Not that there aren’t a few laughs early on. Kate Hudson, who seems to be zeroing in on a role that merits her talents, and Luke Wilson soar above the material that they’re handed and walk away from the flick’s devolution into a saccharine puddle with their self-respect intact. Hudson as Emma, sloe-eyed and prim in a grey suit is a perfect foil to the happily haphazard Wilson as Alex. She’s a stenographer hired to take Alex’s dictation. Hes a successful author threatened by a loan shark’s collection agents who have already burned his laptop, and threaten worse to his person. His only way out is to finish his next book in thirty days, get a check from his publisher, pay the loan sharks, and resume a life of haphazard happiness.

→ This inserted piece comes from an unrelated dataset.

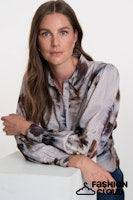 Afbeelding in Gallery-weergave laden, GEISHA BLOUSE grey/blue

At first it all clicks together so well, she with the cogent commentary on the tritely overwrought romance he’s dictating and he forging on despite the critical onslaught with a look that is only a few rungs above hopeless on the oblivious ladder. Then it happens, they’re attracted to one another and instead of the slick banter, there’s cutesy chatter with Emma doing unexpectedly silly things and Alex falling for this gummy bear masquerading as a prickly pear.

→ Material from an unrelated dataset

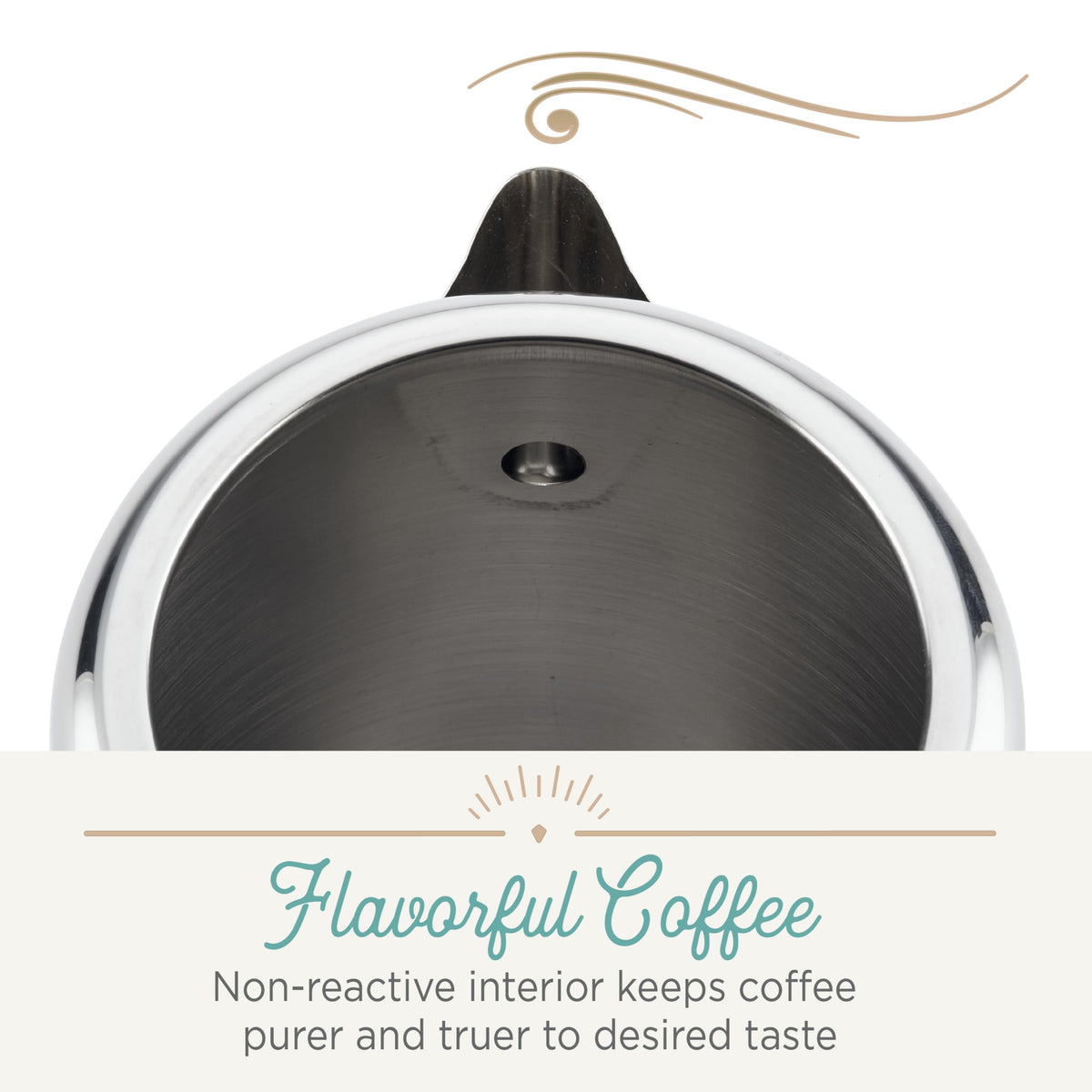 Farberware Classic Stainless Steel Yosemite Coffee Percolator, 8-Cup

The conceit, the novel coming to life as Alex invents it, is an excellent one, with Alex and Emma doing double duty as the characters in a Fitzgerald-redux tale of money and love set in 1924. He as the stalwart and confused romantic hero, a tutor caught in a love triangle with his sultry employer and her wealthy suitor, and she as the family’s au pair, who changes nationality the way we change dental floss. This allows the film to work with parallel love stories set in both worlds, albeit with uneven success. Most of the success lies with Hudson, who is given the chance to strut her stuff as a Swede, a German, a Spaniard and an apple-pie American. Wilson is given the chance to slick his hair back, and Sophie Marceau as Polina, the sultry apex of the triangle, is given the chance to take a bubble bath. Luckily, everyone looks fetching in the period garb.
Along the way we learn the finer points of story plotting from the male and female perspective as work on the novel progresses and Alex and Emma adjust to one another’s theories of same. If we’d just left it there, what a lovely film it would have been, blessed with dialogue that is unafraid to use words of several syllables and rife with moments such as Alex inserting a comment about Polina’s ample bosom to the narrative and Emma insisting on adding the word “heaving” to the description in a deliciously neat dismissal of Alex’s pretensions as well as a deconstruction of the cliché-ridden tale he’s telling.
As a bland and forgettable summer flick, ALEX & EMMA isnt overtly irritating. For fans of Hudson’s work in ALMOST FAMOUS and Wilson’s in THE ROYAL TENNEBAUMS, though, it’s a major letdown.